What to do: Leaving out all pictures, copy the lines below exactly, from the line with "B142-1157 GREY" to the last line, both ends included.

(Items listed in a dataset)
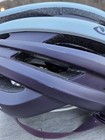 Giro Ember Mips Women s Road Bike Helmet White urchin M Please See Description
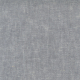 B142-1157 GREY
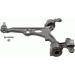 Querlenker li CITROEN,FIAT,LANCIA,PEUGEOT 27065 01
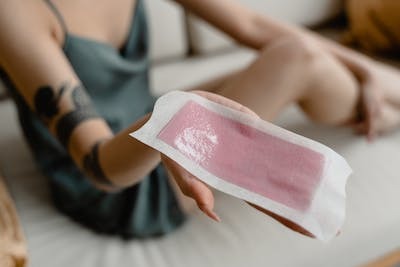 Karınca yumurtası yağı nedir?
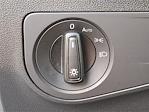 Used 2024 Volkswagen Tiguan S for sale #P4617 - photo 26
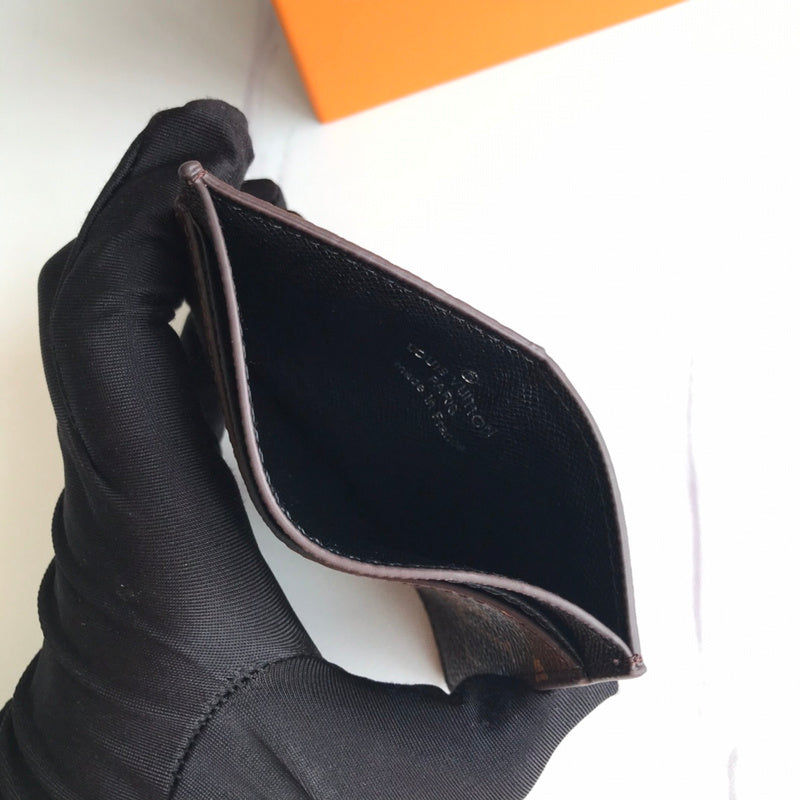 Satchel Bags - VL Bags - 145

Answer:
 B142-1157 GREY
 Querlenker li CITROEN,FIAT,LANCIA,PEUGEOT 27065 01
 Karınca yumurtası yağı nedir?
 Used 2024 Volkswagen Tiguan S for sale #P4617 - photo 26
 Satchel Bags - VL Bags - 145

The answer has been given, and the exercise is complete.